● Required action:
Word-for-word repetition of the records below is needed, but only from the line holding "Scientist discover five" through the final line, with pictures excluded.

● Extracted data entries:
● ● ● ●

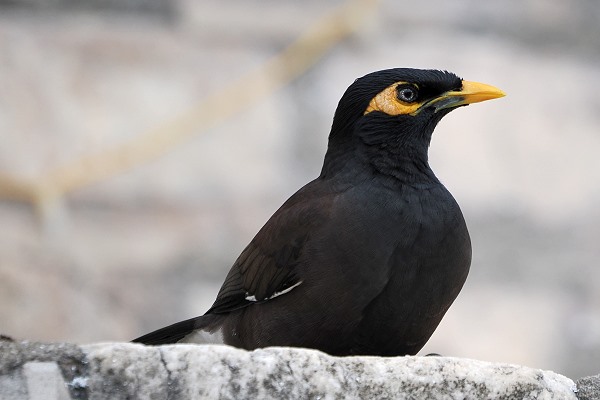 Myna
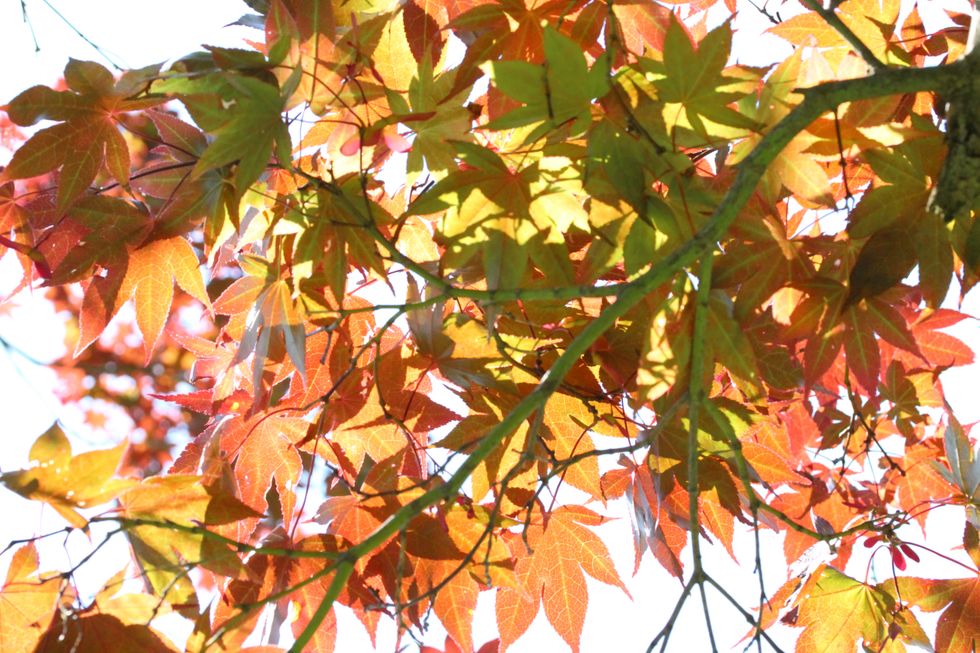 Poetry On Odyssey: Mirror Of The Month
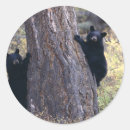 Search for womens outdoor stickers Animal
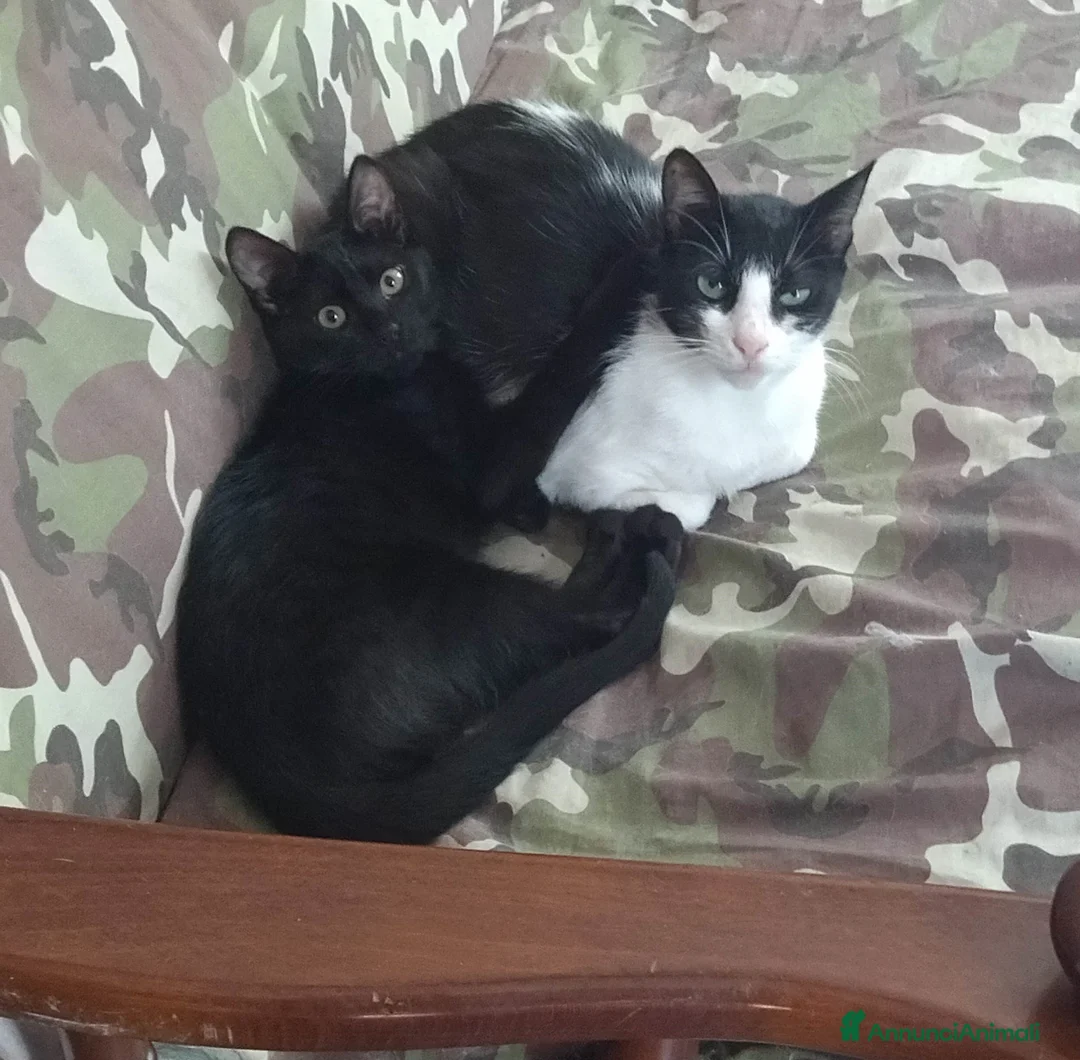 Europeo gatti in regalo: gatta giovane - Annuncio 2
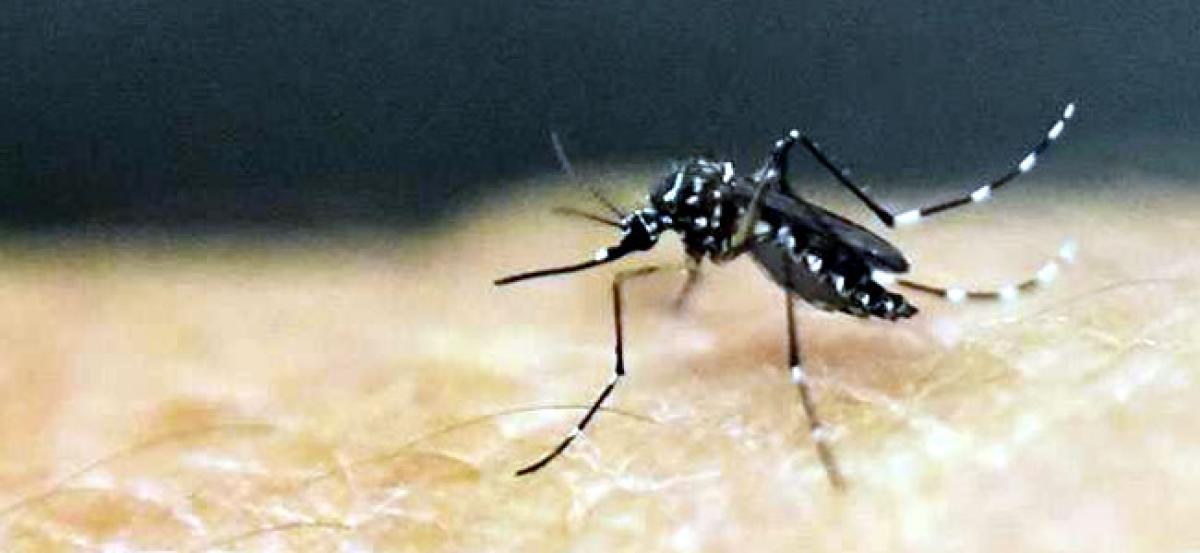 Scientist discover five new malaria vaccine targets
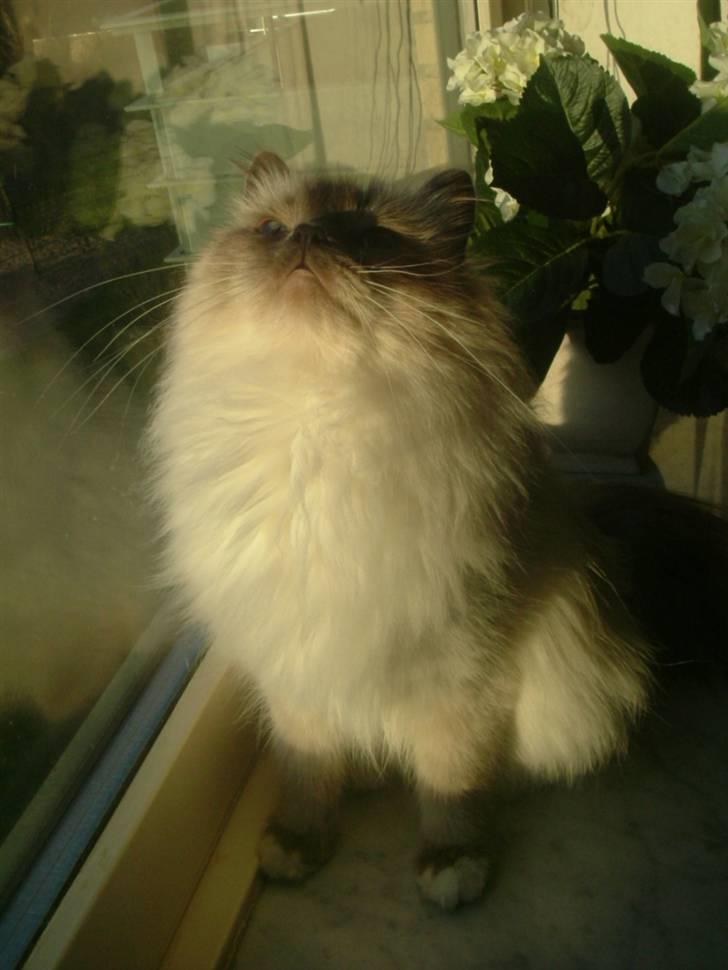 Hellig Birma Dk Odgaards sweet bianna  billede 7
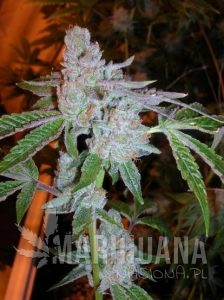 818 Headband Aka Sour OG - THE CALI CONNECION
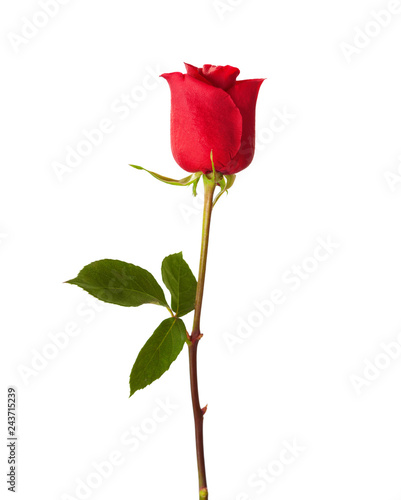 Obraz na płótnie Red rose isolated on white background. w salonie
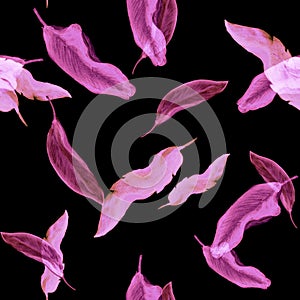 Purple Banana Foliage. Pink Seamless Foliage. Violet Tropical Background. Pattern Garden. Watercolor Leaf. Floral Plant. Summer De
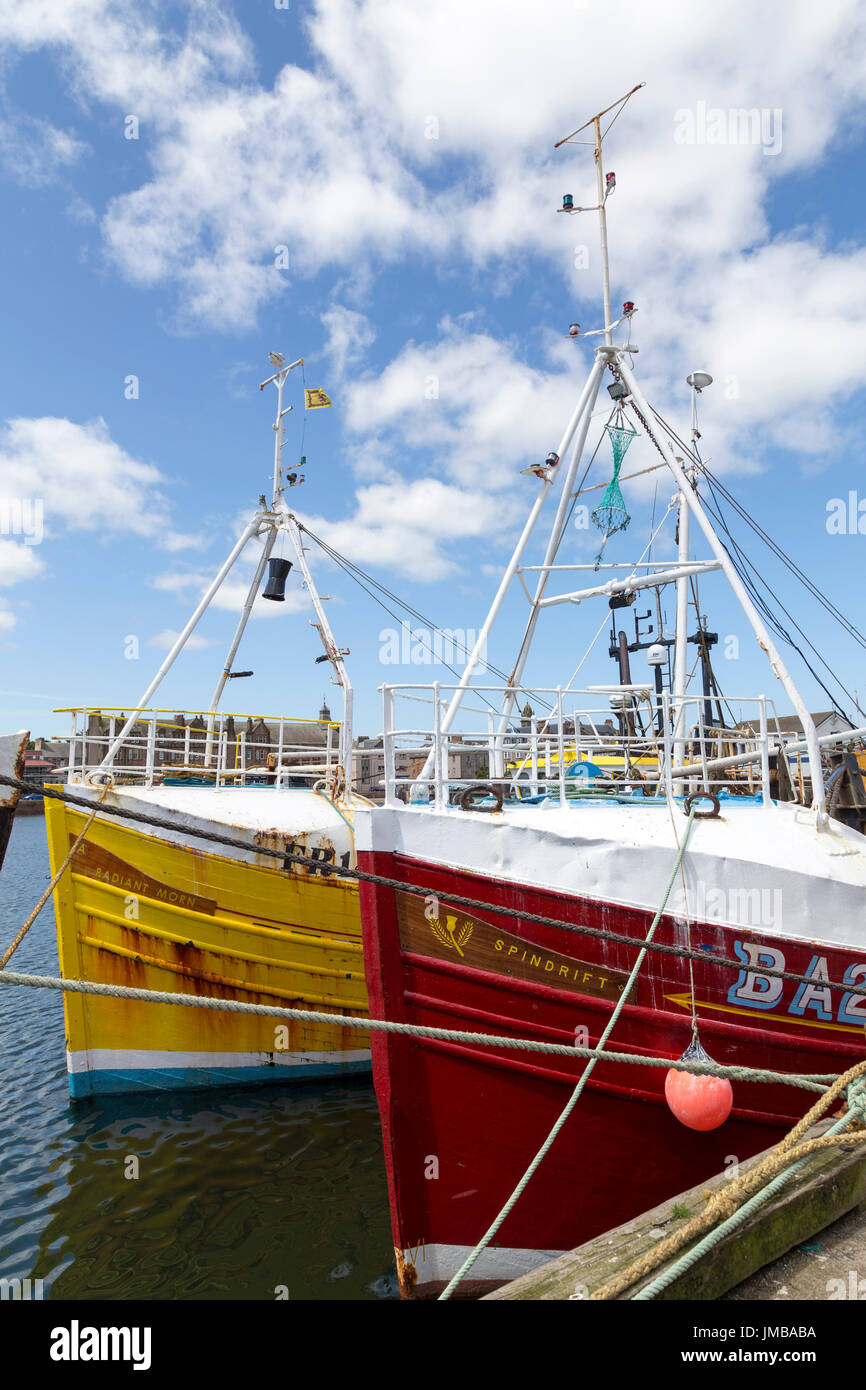 Le navi da pesca ormeggiate al porto di Campbeltown, penisola di Kintyre, costa ovest della Scozia, Regno Unito Foto Stock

● ● ● ●

● Answer to this problem:
 Scientist discover five new malaria vaccine targets
 Hellig Birma Dk Odgaards sweet bianna  billede 7
 818 Headband Aka Sour OG - THE CALI CONNECION
 Obraz na płótnie Red rose isolated on white background. w salonie
 Purple Banana Foliage. Pink Seamless Foliage. Violet Tropical Background. Pattern Garden. Watercolor Leaf. Floral Plant. Summer De
 Le navi da pesca ormeggiate al porto di Campbeltown, penisola di Kintyre, costa ovest della Scozia, Regno Unito Foto Stock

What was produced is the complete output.